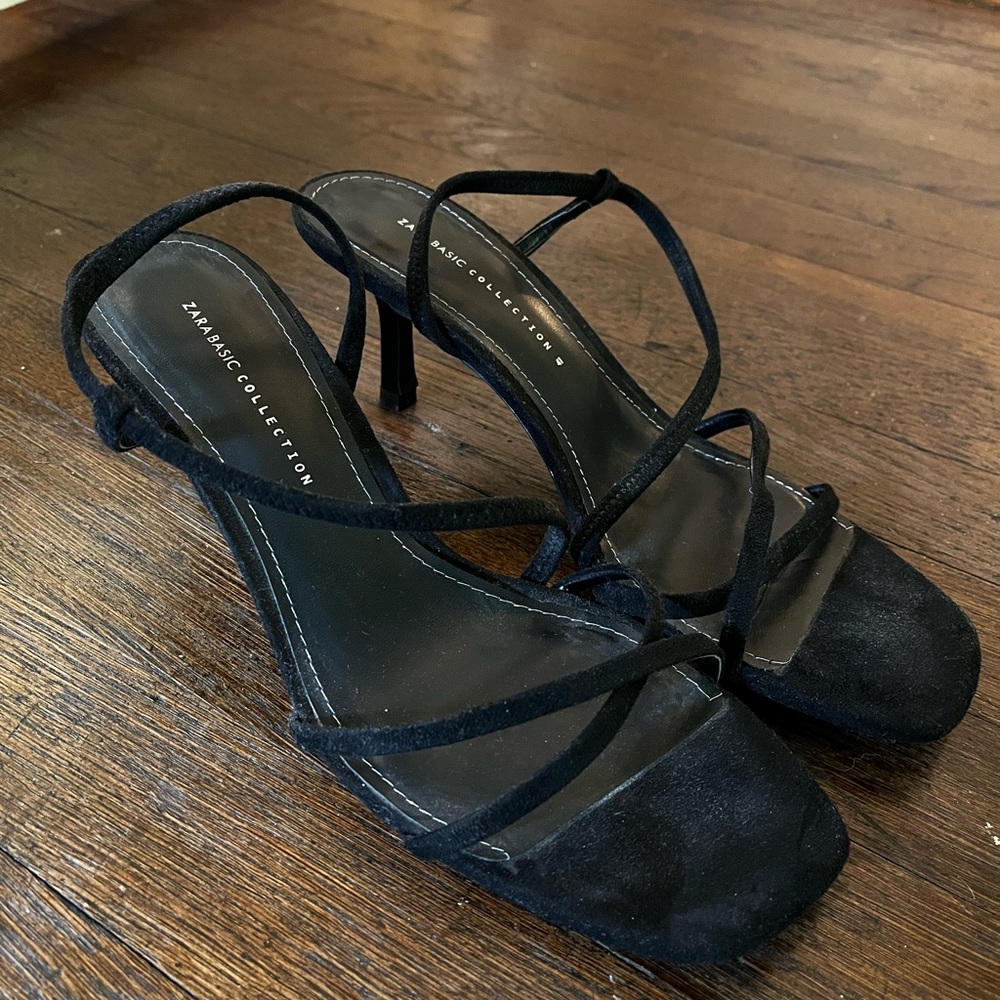Zara mid-heal Sandals with elastic band - worn once - amazing condition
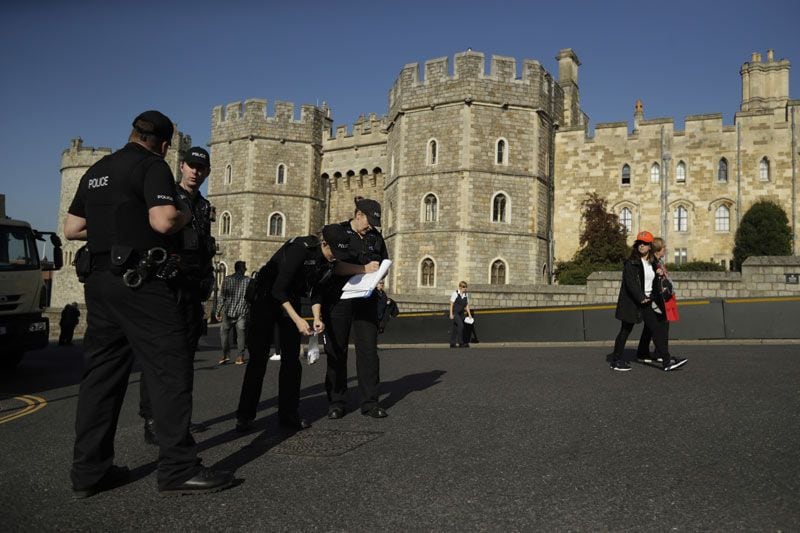  EUGENIA DE YORK Y JACK BROOKSBANK, BODA Y NACIMIENTO DE SU HIJO - Página 2 Windsor-prep-gtres-4-a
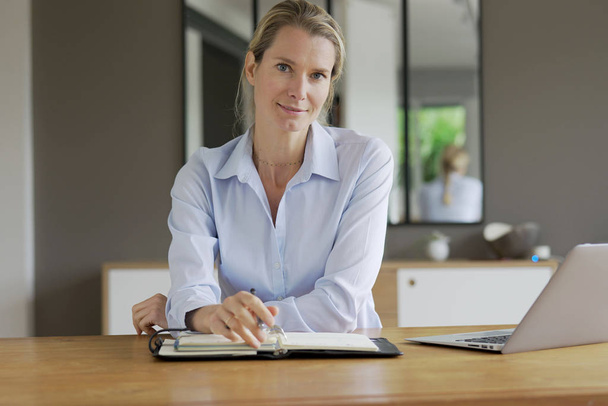 portrait of a businesswoman in an office - Фото, изображение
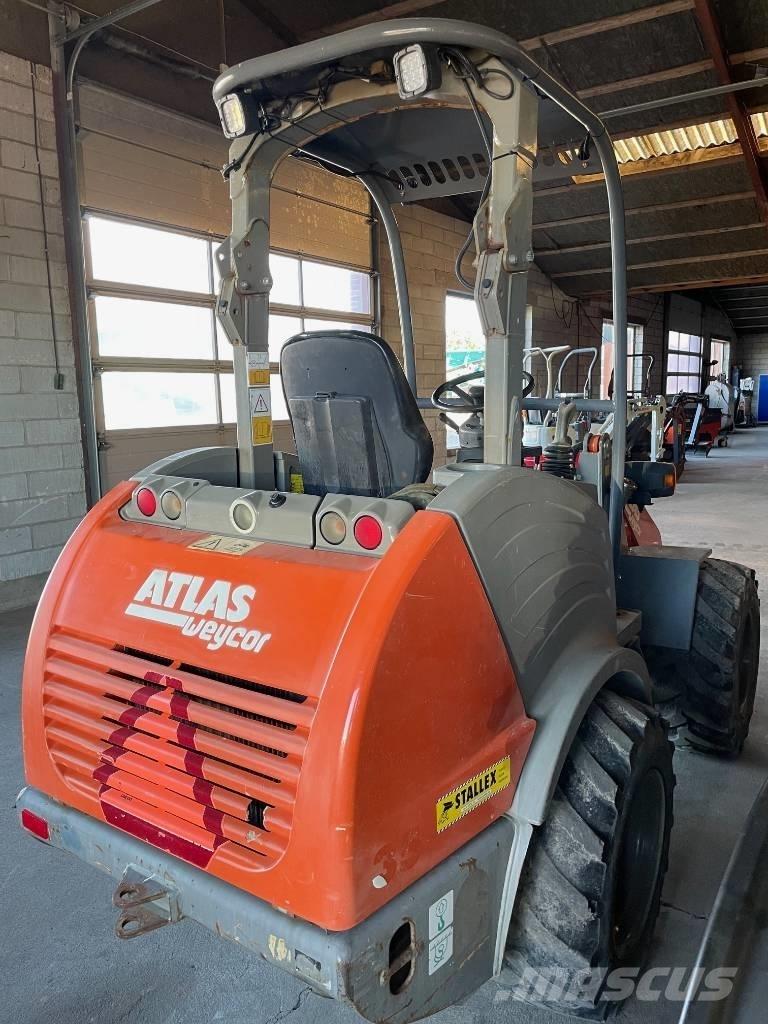 Atlas AR35 لوادر صغيرة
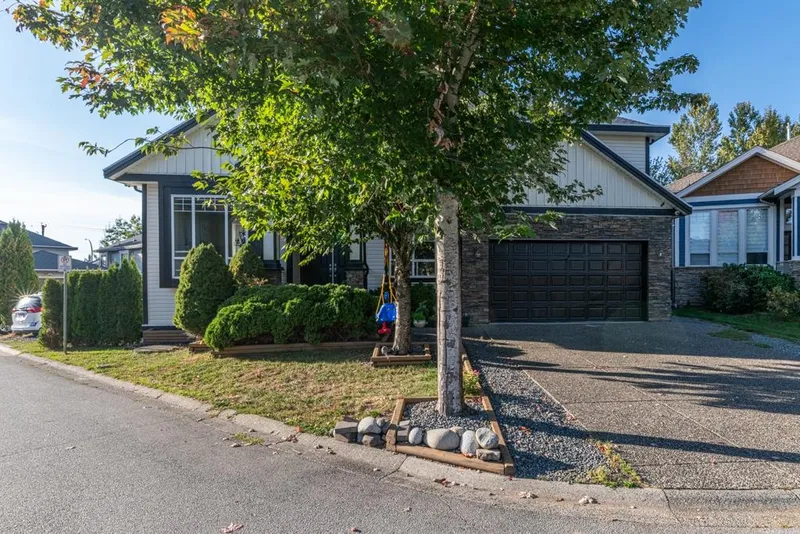 27733 SIGNAL COURT - photo 2 of 25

• ASSIGNED TASK:
Exactly reproduce each entry, but drop the pictures.

• EXERCISE SOLUTION:
Zara mid-heal Sandals with elastic band - worn once - amazing condition
  EUGENIA DE YORK Y JACK BROOKSBANK, BODA Y NACIMIENTO DE SU HIJO - Página 2 Windsor-prep-gtres-4-a
 portrait of a businesswoman in an office - Фото, изображение
 Atlas AR35 لوادر صغيرة
 27733 SIGNAL COURT - photo 2 of 25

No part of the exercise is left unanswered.